I ricercatori ritengono che il rischio di demenza sia superiore del 50% nelle persone con lavori poco stimolanti, inclusi camionisti, saldatori e cassieri, piuttosto che in categorie che annoverano avvocati, editori o dipendenti pubblici.

«I nostri risultati supportano l'ipotesi che la stimolazione mentale nell'età adulta possa posticipare l'insorgenza della demenza», ha affermato l'autore principale dello studio, il professor Mika Kivimaki dell'UCL.

«Abbiamo scoperto che i livelli di demenza all'età di 80 anni, osservati in persone che avevano sperimentato alti livelli di stimolazione mentale, erano già stati osservati all'età di 78,3 anni in coloro che avevano sperimentato una bassa stimolazione mentale.

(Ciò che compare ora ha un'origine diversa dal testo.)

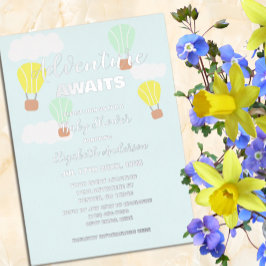 Invitación Con Relieve Metalizado Baby Shower neutro en globo de aire caliente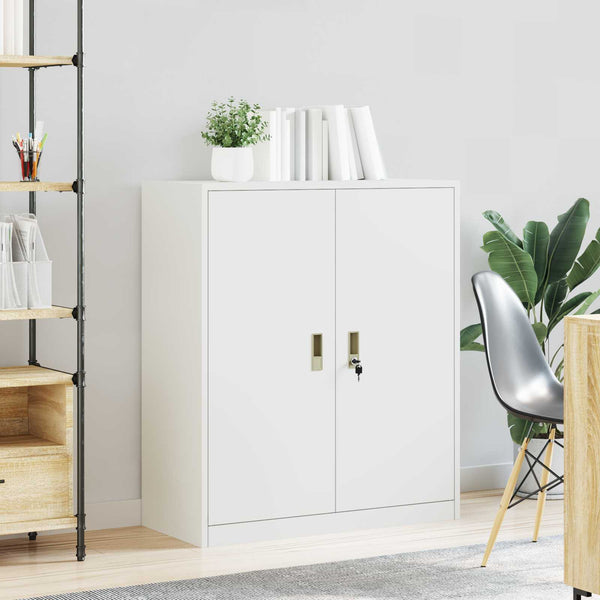 Weißer Stahlschrank, 90x40x105 cm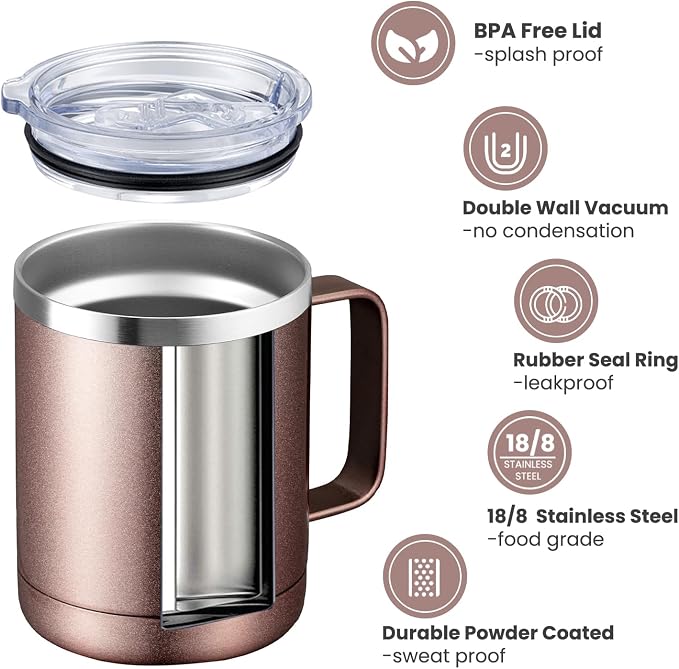 MEWAY 12oz Coffee Mug With Handle 4 Pack Bulk,Stainless Steel Insulated Travel Tumblers With Sliding Lid,Double Wall Vacuum Camping Cup for Hot & Cold Drinks Tea (Rose Gold,Set of 4)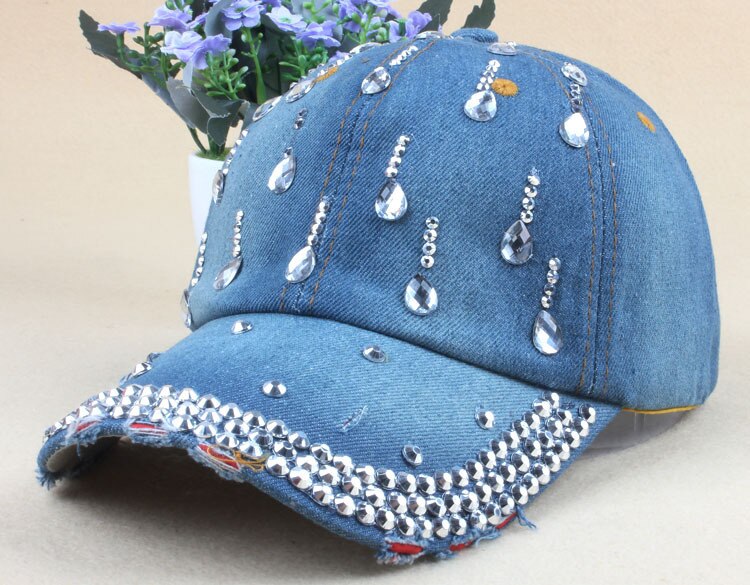 Gloednieuwe Denim Hoeden Mode Vrije Vrouw Cap Met Water Steentjes Vintage Jean Katoen Baseball Caps Voor Mannen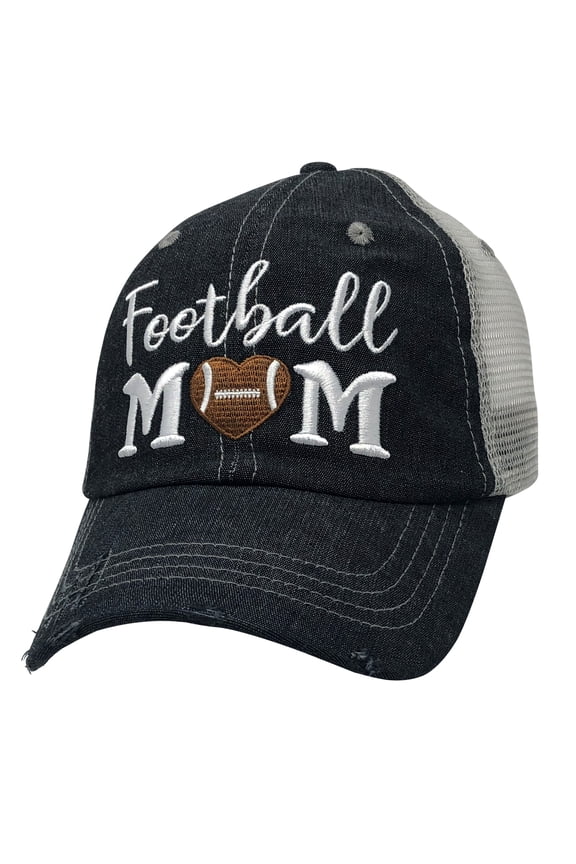 Embroidered Football Mom Mesh Trucker Style Hat Cap Football MOM Heart Gift Mothers Day Dark Grey
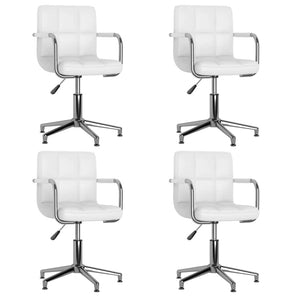 Scaune de masă pivotante, 4 buc., alb, piele ecologică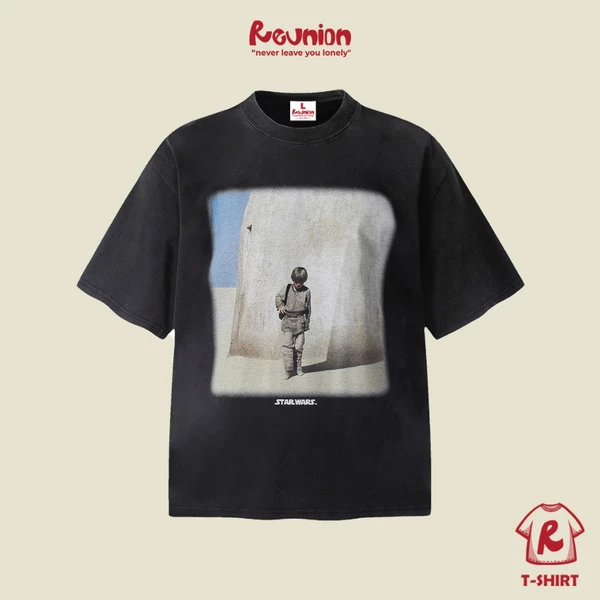 Áo Thun Wash REUNION "STARS WAR" Form Oversize 100% Cotton - Grey Wash TSW5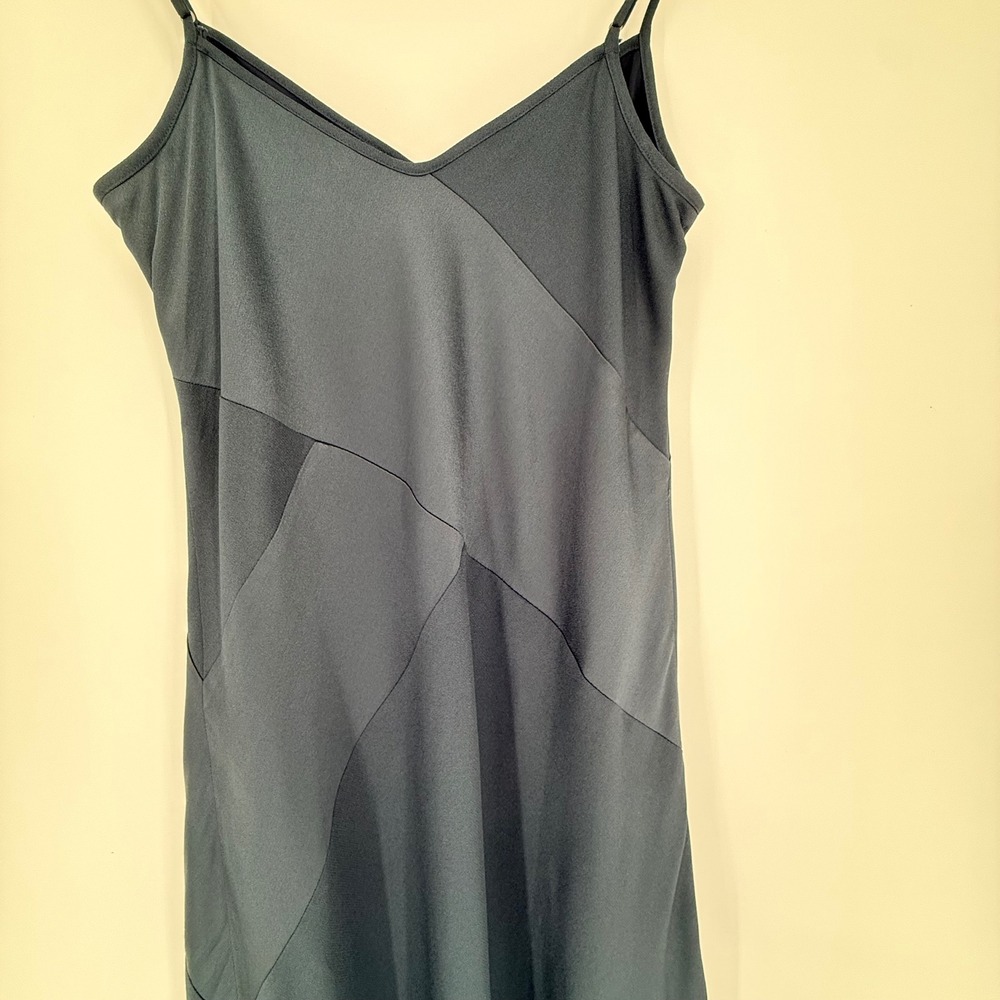 J.Crew Collection Mixed Satin-Crepe Slip Dress Navy Blue [8] J8260 90's Stle - Picture 9 of 10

Questo suggerisce che il ritardo medio nell'insorgenza della malattia è di circa un anno e mezzo, ma probabilmente c'è una notevole variazione tra le persone».

I ricercatori affermano che la stimolazione mentale potrebbe fare la differenza riducendo i processi chiamati assonogenesi e sinaptogenesi, che creano proteine ​​dannose che impediscono alle cellule cerebrali di formare nuove connessioni.

I risultati si basano su studi condotti nel Regno Unito, negli Stati Uniti e in Europa e hanno esaminato una serie di fattori in oltre 100.000 partecipanti, tra cui malattie croniche, disabilità e mortalità.

I risultati dell'UCL sono pubblicati su The BMJ.